Saat musim panen tiba, seuntai padi yang pertama kali mereka potong akan di letakkan di sethong tengah. Hal tersebut dilakukan untuk memberikan persembahan kepada Dewi Sri atas rasa syukur hasil panen mereka.
Pedaringan
Pedaringan juga sama seperti parsen. Nama ini berasal dari kata “Daring” yang memiliki arti “Gabah kering”. Istilah itu digunakan karena padi identik dengan Dewi Sri.
Sepen
Sepen merupakan tempat untuk menyepi. Seperti yang kami jelaskan sebelumnya, bahwa ruangan ini juga sering digunakan untuk bermeditasi, berdoa, sembahyang dalam keadaan gelap tanpa cahaya.
Sri
Terlihat dari namanya yaitu Sri, yang dimaksudkan sebagai tempat bertandangnya Dewi Sri. Keberadaan Dewi Sri ini diwujudkan dengan dibuatnya patung Loro Blonyo sebagai simbol kemakmuran.

6. Senthong Tengen (Kamar Bagian Kanan)

Senthong Tengen (Kamar Bagian Kanan)
Sethong Tengen yang berarti kamar berada di sebelah kanan, berasal dari kata bahasa jawa “Tengen” yang berarti “Kanan”. Pada umumnya tempat ini digunakan sebagai ruang tidur khusus yang sangat pribadi bagi pemiliknya.
Sethong Tengen ini berbeda dengan sethong-sethong lainnya. Sethong ini lebih multifungsi karena penduduk jaman dahulu memanfaatkannya sebagai tempat penyimpanan barang berharga.
Bagi masyarakat penduduk menengah ke atas, ruangan ini digunakan untuk menyimpan pakaian adat, perhiasan, keperluan acara seperti dupa dan kemenyan, serta barang pusaka seperti kris dan tombak yang disimpan di dalam lemari.
Untuk masyarakat menengah ke bawah, sethong tengen ini hanya digunakan sebagai tempat tidur orang tua saja.

7. Gandhok Kiwo dan Tengen (Ruang Depan Kiri dan Kanan)

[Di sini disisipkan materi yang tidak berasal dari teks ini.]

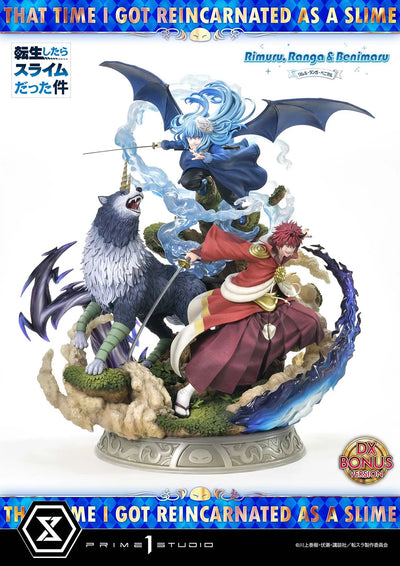 Rimuru, Ranga & Benimaru (Deluxe Bonus Version) That Time I Got Reincarnated as a Slime – Prime1Studio – ActionFigure Brasil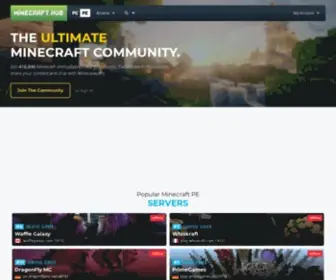 Mcpehub.com(MCPE Hub) Screenshot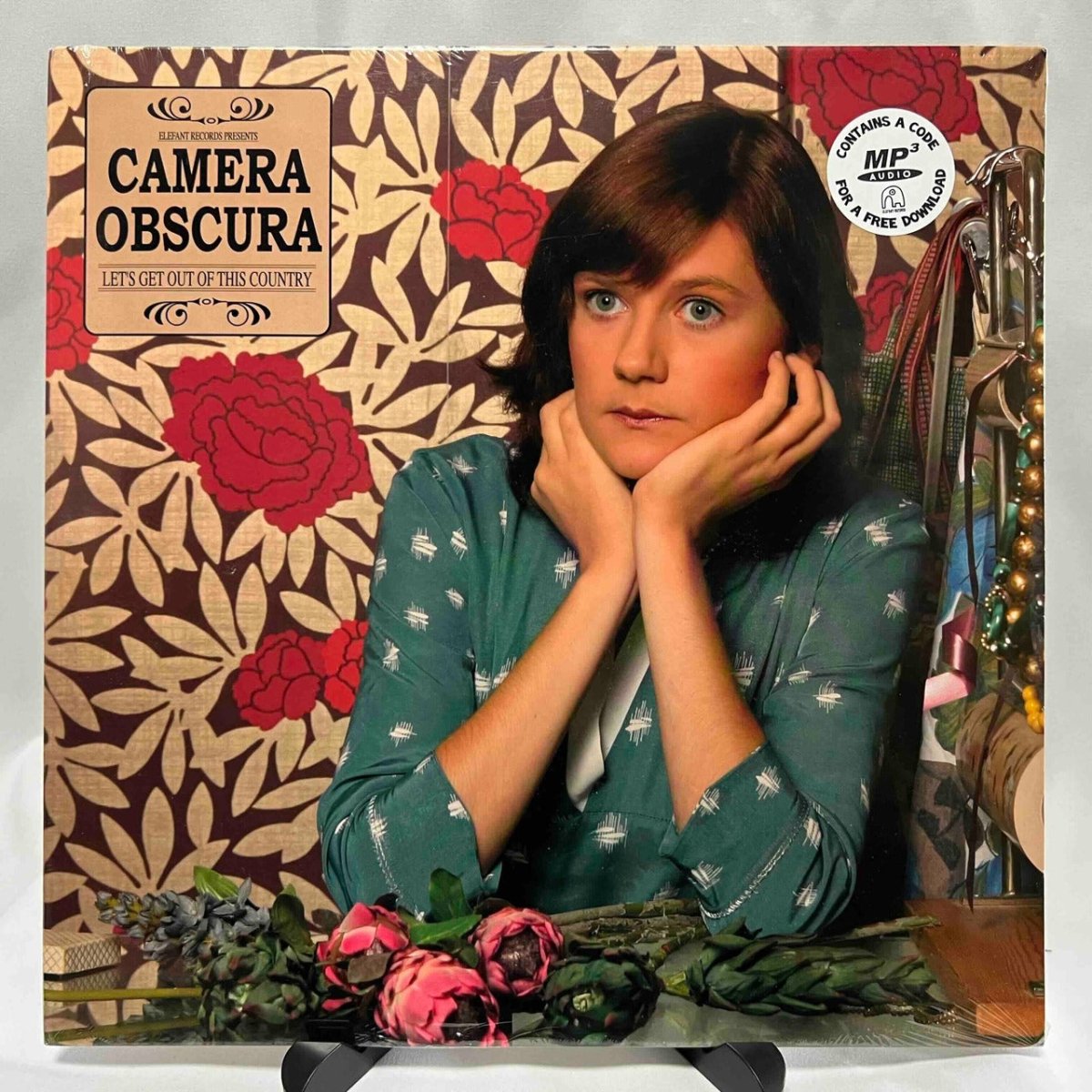 Camera Obscura - Let's Get Out Of This Country - preppy records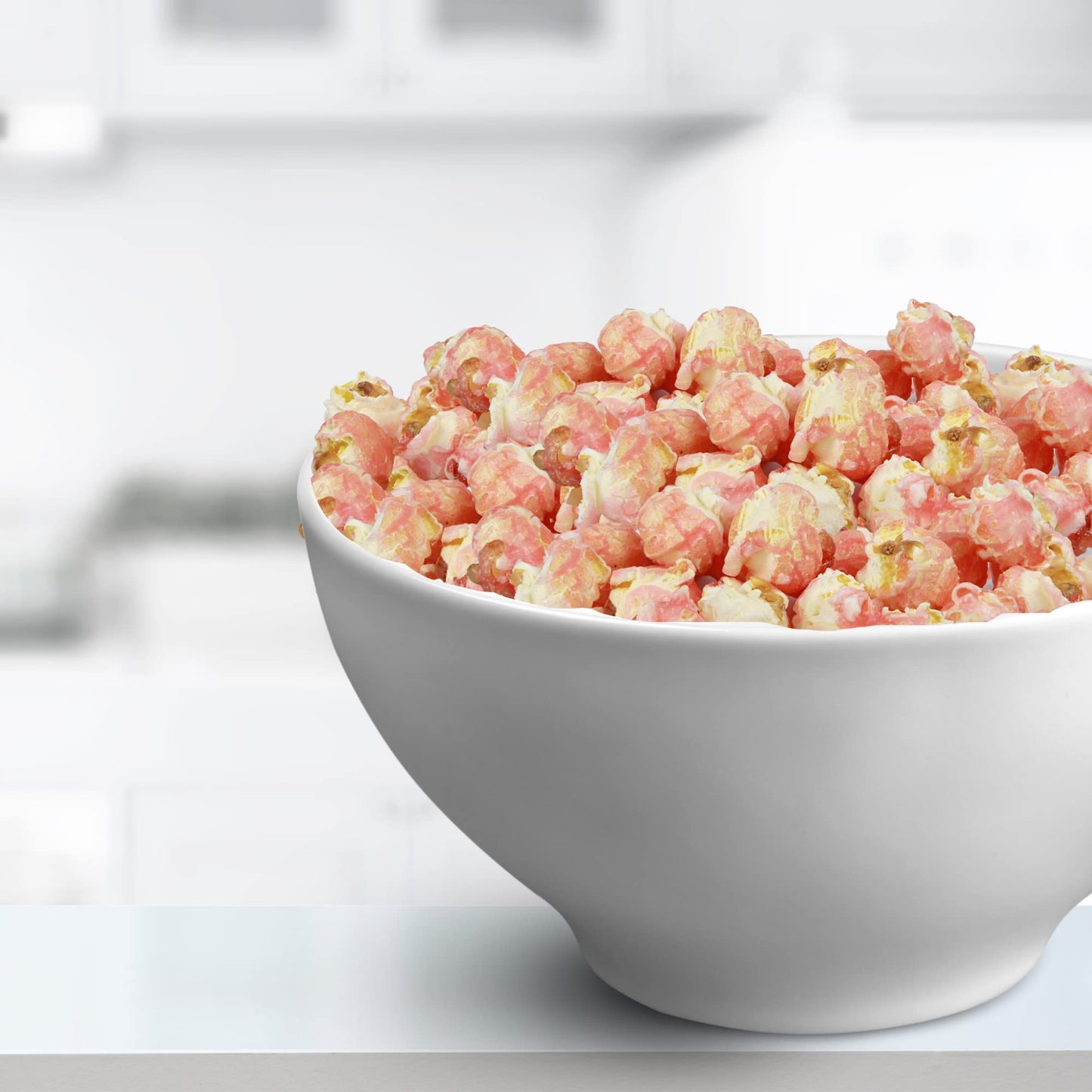 Needzo Pink Popcorn Sharable Snack Bags, Cotton Candy Flavored Already Popped Popcorns, Movie Night Snacks Easter 2024, Pack Of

Gandhok adalah ruanagn yang digunakan sebagai tempat tidur keluarga dan tempat menginap para tamu. Gandhok ini terletak di bagain kanan dan kiri Pringgitan. Bentuk gandhok ini memanjang serta posisinya berpisah dari bangunan utama/rumah utama.
Gandhok terdiri dari gandhok Kiwo dan Tengen. Gandhok Kiwo/kiri digunakan sebagai ruang tidur para laki-laki. Sedangkan Gandhok Tengen digunakan untuk ruang tidur perempuan. Akan tetapi ada kalanya Gandhok ini digunakan sebagai tempat penyimpanan bahan makanan.

8. Pawon (Dapur)

Pawon (Dapur)
Pawon merupakan kata dari bahasa jawa yang artinya “Dapur”. Pawon ini terletak berpisah dari rumah inti, karena rumah inti di anggap suci dan sakral. Berbeda dengan pawon/dapur yang di dalamnya sangat kotor.
Pada jaman dahulu, proses memasak yang dilakukan hanya menggunakan kayu bakar sebagai sumber bahan bakan. Sehingga dapur ini identik dengan banyaknya abu yang berkumpul disana. Oleh karena itu, pawon ini berasal dari kata dasar awu yang berarti abu.

9. Pekiwan (Kamar Mandi dan Toilet)

Pekiwan (Kamar Mandi dan Toilet)
Pekiwan merupakan sebuah kamar mandi dan toilet bagi para penghuninya. Di pekiwan tersebut, ada sumur didekatnya untuk mengambil air. Pekiwan ini juga berpisah dari rumah inti karena diangga sebagai tempat yang kotor dan bau.

10. Seketheng (Pagar Rumah)

Seketheng (Pagar Rumah)
Seketheng merupakan dinding pembatas yang terbuat dari batu bata dan memiliki dua gerbang kecil. seketheng ini digunakan sebagai penghubung halaman luar dan dalam rumah, yang sering kita sebut dengan pagar rumah.
Umumnya rumah Joglo ini dibangun dengan kayu jati yang sangat berkualitas. Sehingga bangunan tersebut tidak mudah roboh dan sangat awet, akan tetapi juga sangat mahal. Oleh karena itu, rumah Joglo ini biasanya hanya di bangun oleh masyarakat kalangan atas.